◆ **Directions**
Pictures in the records below are skipped; the rest is copied exactly.

Short web captions:
———
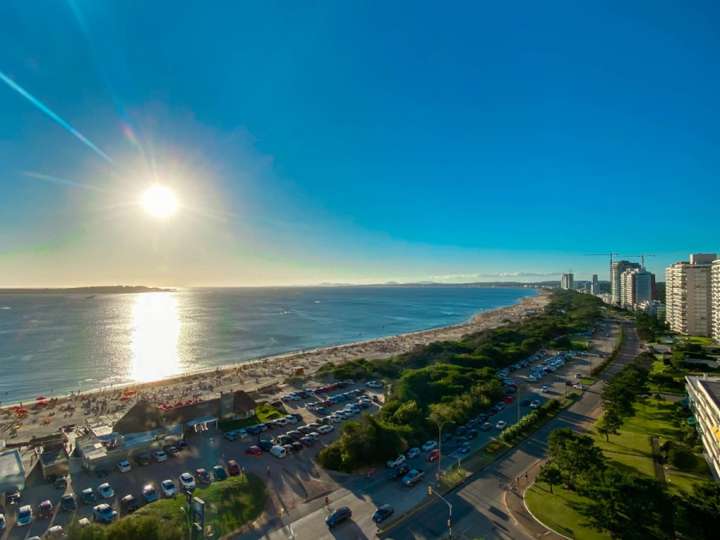 Apartamento en alquiler en Punta Del Este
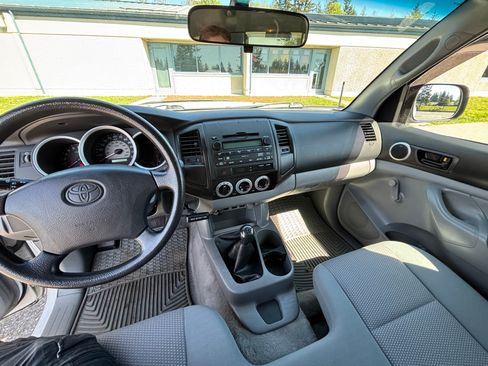 Used 2009 Toyota Tacoma 2WD Regular Cab image 10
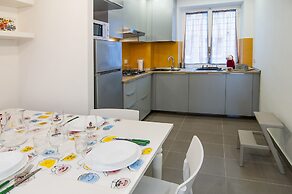San Pietro Bright Apartment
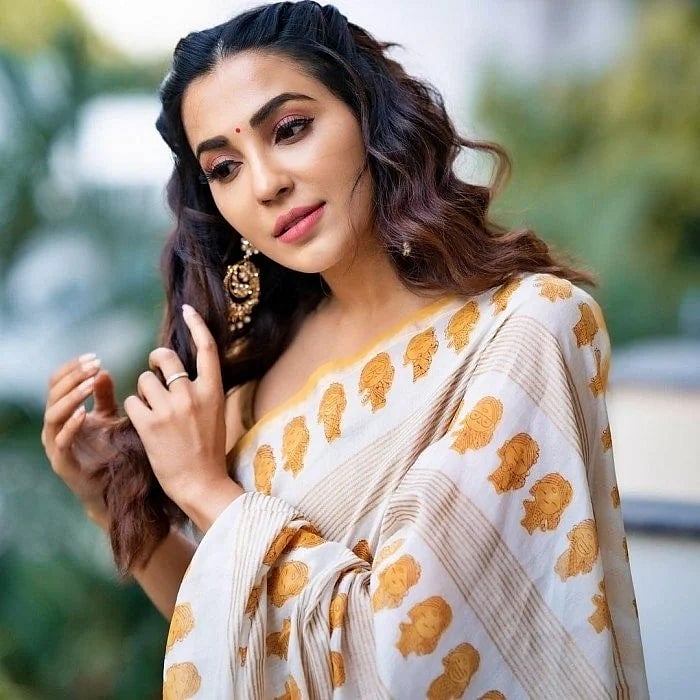 வீட்டில் இருந்து ரூ. 9 லட்சம் மதிப்பிலான 2 கைக்கடிகாரம் திருட்டு.. போலிஸில் புகார் கொடுத்த பிரபல நடிகை!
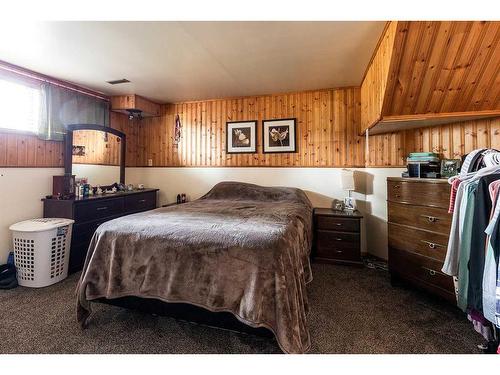 1918 17 Street Se, Medicine Hat, AB - Indoor Photo Showing Bedroom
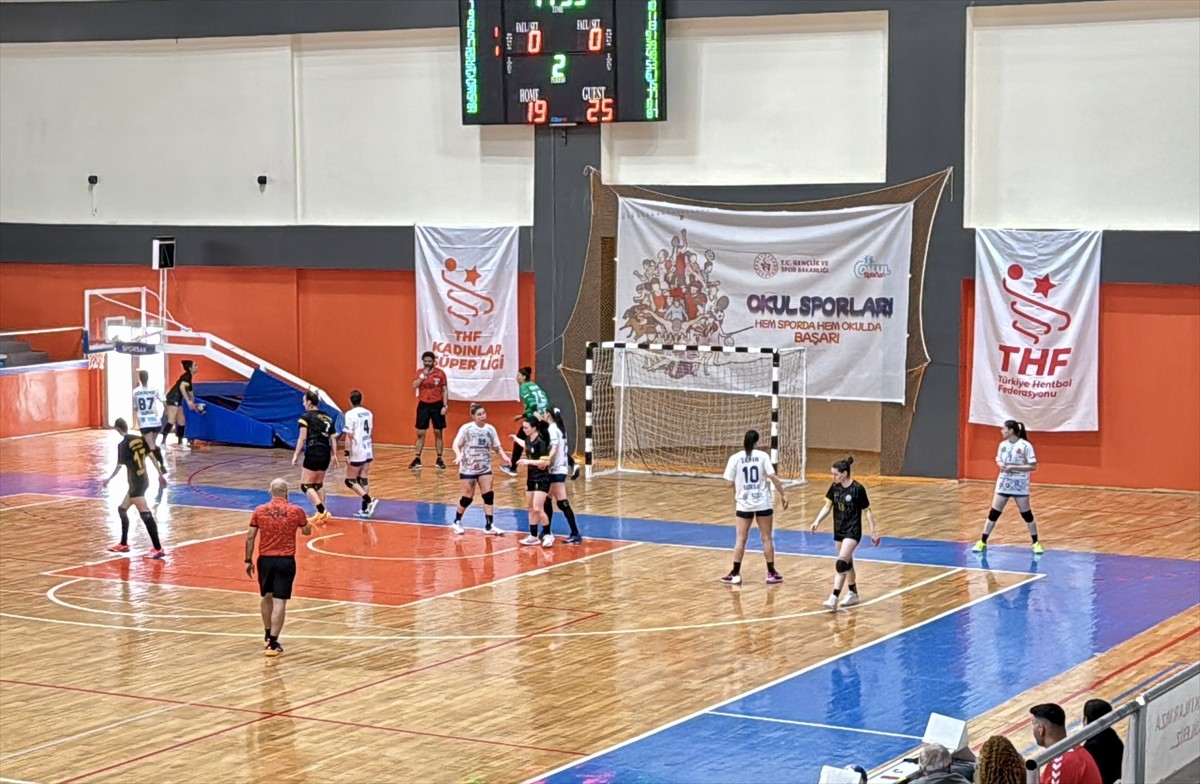 Hentbol Kadınlar Süper Lig'in 16. haftasında Bursa Büyükşehir Belediyespor ile Kırşehir...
———
◆ **Answer area**
 Apartamento en alquiler en Punta Del Este
 Used 2009 Toyota Tacoma 2WD Regular Cab image 10
San Pietro Bright Apartment
 வீட்டில் இருந்து ரூ. 9 லட்சம் மதிப்பிலான 2 கைக்கடிகாரம் திருட்டு.. போலிஸில் புகார் கொடுத்த பிரபல நடிகை!
 1918 17 Street Se, Medicine Hat, AB - Indoor Photo Showing Bedroom
 Hentbol Kadınlar Süper Lig'in 16. haftasında Bursa Büyükşehir Belediyespor ile Kırşehir...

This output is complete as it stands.